How we monitor Monzo

(Beatrice Borbon) #1

Earlier this week we shared our Reliability Report, which shows that we’ve made Monzo more reliable in the last 12 months and explains how we’ve done it.

Monitoring helps us make sure everything’s working as expected, and alerts us when things do go wrong.

If you’ve ever wondered how we do it, Platform Team lead Chris digs into the details here :point_down:

(I'll flag any comment for 50p) #2

hundreds of servers:thinking: :face_with_monocle:

Pics or it’s lies :eyes:

(Andy) #3

Ah and hundreds of physical servers or a few physical servers running hundreds of virtualised instances? :smirk:

(I'll flag any comment for 50p) #4

I want it to be physical but it’s obvs gonna be virtual :frowning_face: :joy_cat:

(Peter Shillito) #5

(Tim) #7

While we do have some hardware in physical data centers to interconnect with payment schemes, most of our servers are virtual servers running on EC2, Amazon’s cloud.

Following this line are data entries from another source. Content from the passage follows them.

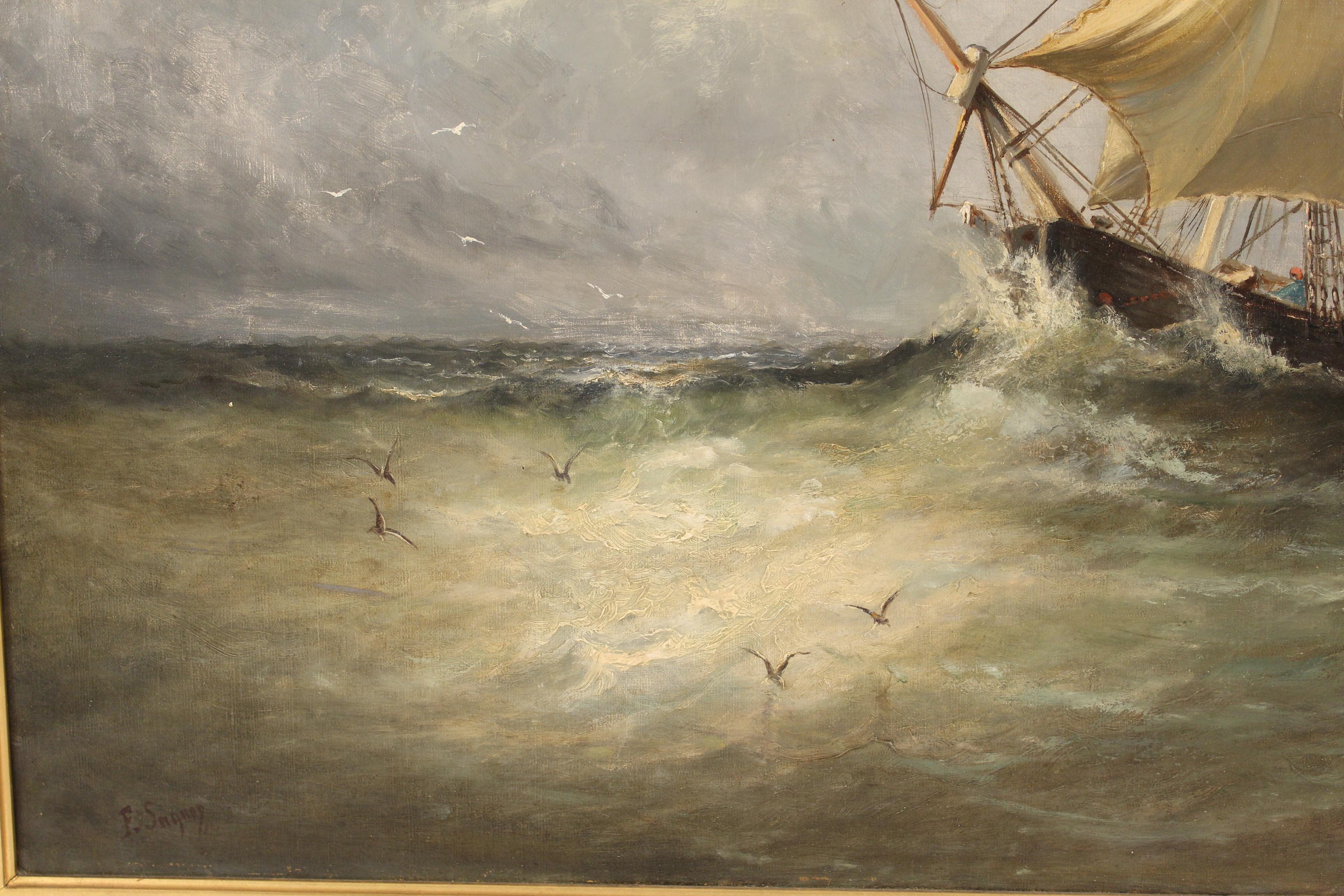 Late 19th Century Nautical Painting by Paul Seignon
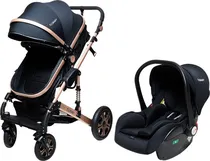Carrinho e Cadeira para Bebê Tulibaby AG-Q3 - Black/Light Golden
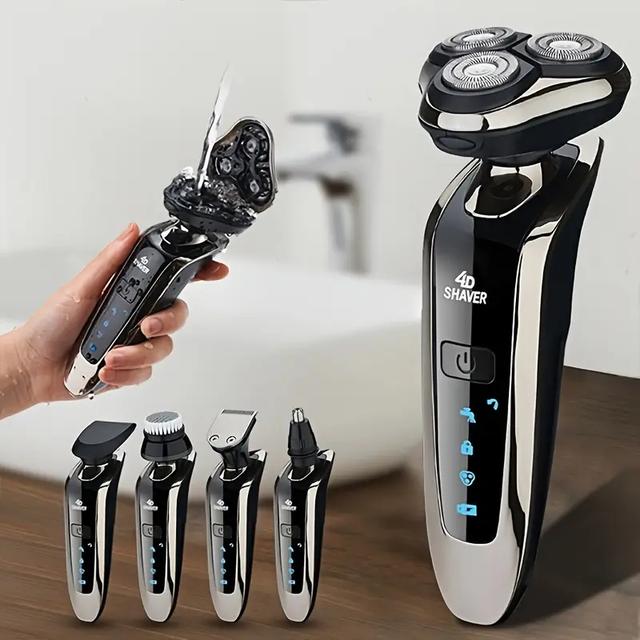 TEMU Electric Razor For Men, Mens Electric Shaver, Rechargeable Rotary Shaving Machines, Father's Day Gift For Father Dad Men Husband Boyfriend
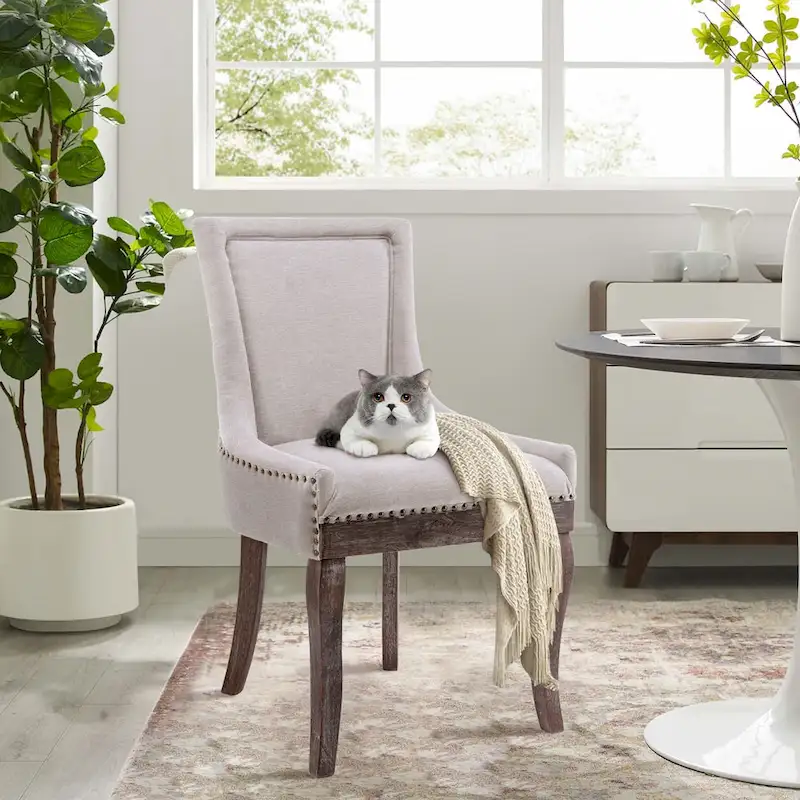 Traditional Tufted Ultra Upholstered Wingback Dining Chair Set of 2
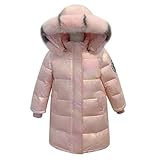 linboo Unisex Kinder Winterjacke Mädchen Winterparka Jungen mit Fellkapuze Outdoor Wintermantel Warme Parka Jacke Dicke Steppjacke Winddicht Baumwolle Jacke, Rosa, 134-140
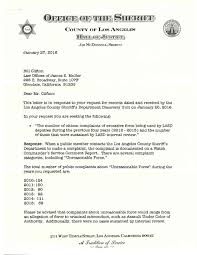 The anonymous complainant alleged the following violation: Letter Response To Citizen Complaints Of Excessive Force Lasd Discovery Unit 2016 Prison Legal News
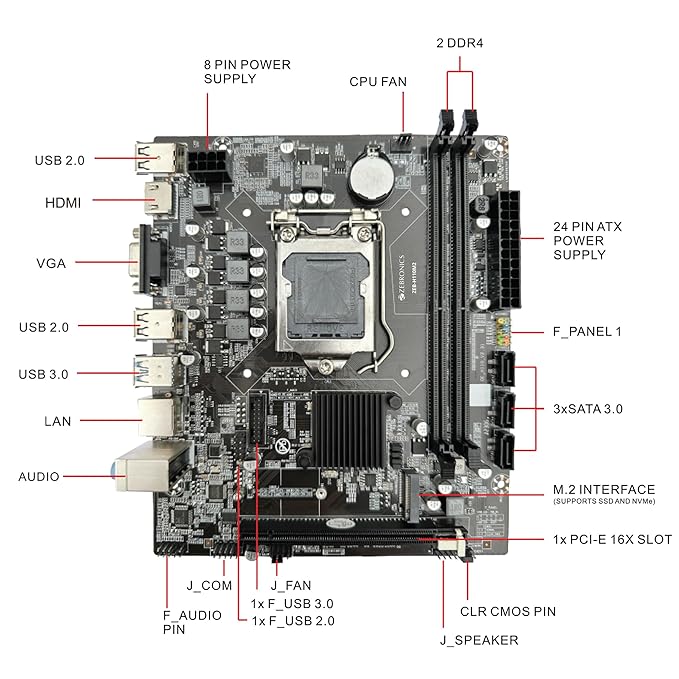 ZEBRONICS Zeb H110-D4 LGA 1151 Socket Motherboard LGA1151Socket Micro-ATX Intel H110 Chipset DDR4 Motherboard for Desktop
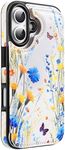 PASNEW for iPhone Wallet Case with Card Holder,Double Magnetic Clasp Card Slots Case,Floral Flower Back Flip Book PU Leather Protective Cover for iPhone Case Women Girl,Floral 6.1"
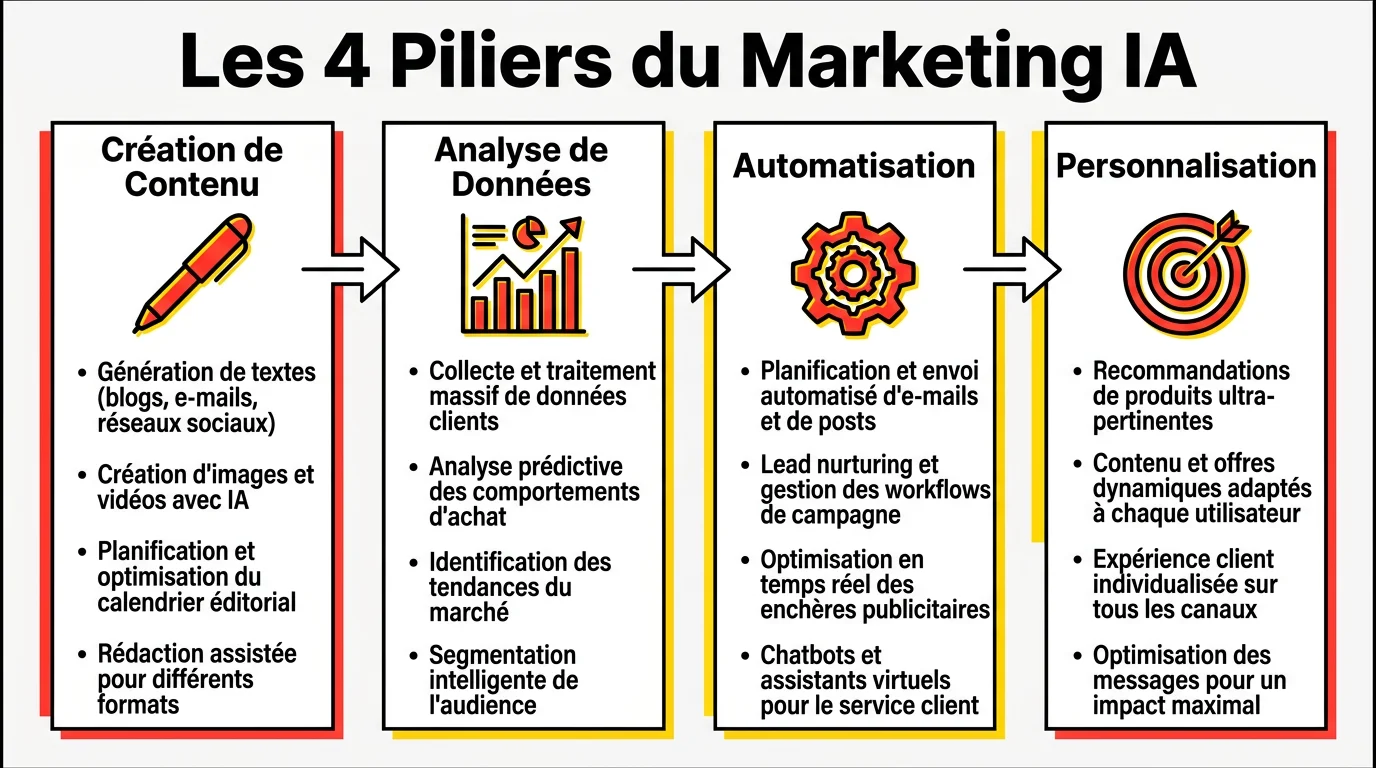 Infographie des 4 piliers d'une plateforme marketing IA : creation de contenu, analyse de donnees, automatisation, personnalisation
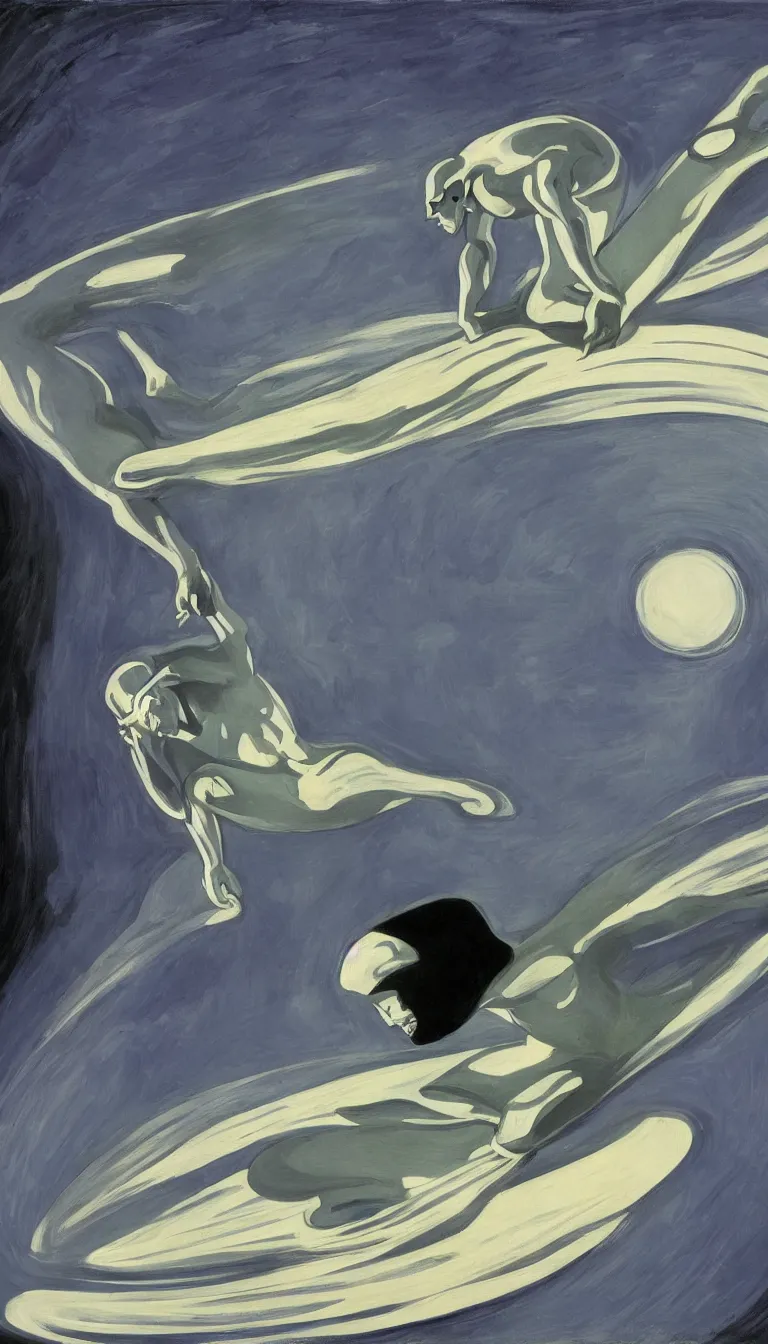 Image similar to silver surfer in space by edward hopper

Most of these servers are Kubernetes “worker” nodes. Each of these workers runs many different microservices, each in its own container. So we have containers on top of virtual servers on top of physical servers in a few Amazon data centers somewhere…

(Kelvin Papp) #8

Why do you “want” it to be physical?! :slight_smile:

(Andy) #9

Because a bank of physical servers with lots of cables and lights is nerd heaven :nerd_face:

(I'll flag any comment for 50p) #10

^^^ This, very much this

(Peter Roberts) #11

Only if the cable management is good otherwise it’s hell

(Daniel Chatfield) #12

Hundreds of virtualised servers running thousands of containers.

(Jorge) #13

Wow that blog post brings loads of questions to mind. Can we nominate Chris for the next Q&A? @simonb

(Chris) #14

On holiday for a week but happy to answer anything when I get back :slightly_smiling_face:

(Pete Leese) #15

This is great, just rolling out Prometheus and Thanos across my cloud.

Any chance you can share some further details of your custom template for slack notifications along with details on rules fetcher?

Sounds like a missing piece of the puzzle for my implementation :slight_smile: